Wednesday, November 29, 2006

Rest of the Story Author's Rapid Response Letter Published in Response to Malpractice Article

The rapid response letter to the editor which I submitted to Tobacco Control in response to the article suggesting that malpractice lawsuits against physicians be filed if they fail to follow the Public Health Service smoking cessation guidelines was published today.

The letter, entitled "Legal Reasoning in Malpractice Article is Not Sound," stated the following:

"I find the argument provided in the paper to be non-compelling because it fails to provide any reasonable argument for how the 3rd showing in a medical malpractice case - that there is a causal relationship between the breach of duty and the incurred injury - could possibly be met in a smoking malpractice case. This would require proving to the jury that the physician's failure to warn the patient to quit smoking was the cause of the injury sustained by the patient.

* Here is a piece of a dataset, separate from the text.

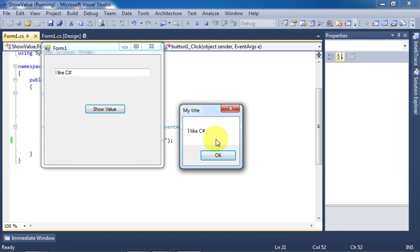You can change the message. So here you learned how you can change and display different text box values. Thank you.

This would imply that 3 things would have to be shown: (1) that the patient would have quit smoking if only the physician had advised them to quit and followed the PHS guidelines; and (2) that the reason the patient did not quit smoking was that the physician failed to advise them to quit and failed to follow the PHS guidelines; and (3) that if the patient had quit smoking, he would not have developed the injury.

These seem to be unreasonable, if not impossible, points to prove. How can we possibly know that a patient would have successfully quit smoking if only the physician had followed the guidelines? Unfortunately, the overwhelming scientific evidence cited in the paper supports a conclusion that the patient would most likely not have quit smoking, even if the physician had followed the guidelines. The data demonstrate that the cessation success rate, even with physician treatment, is dismal. The success rate does not even come close to approaching 50%; thus, it is more likely than not that even with physician advice to quit smoking, the patient would not have been successful in quitting smoking.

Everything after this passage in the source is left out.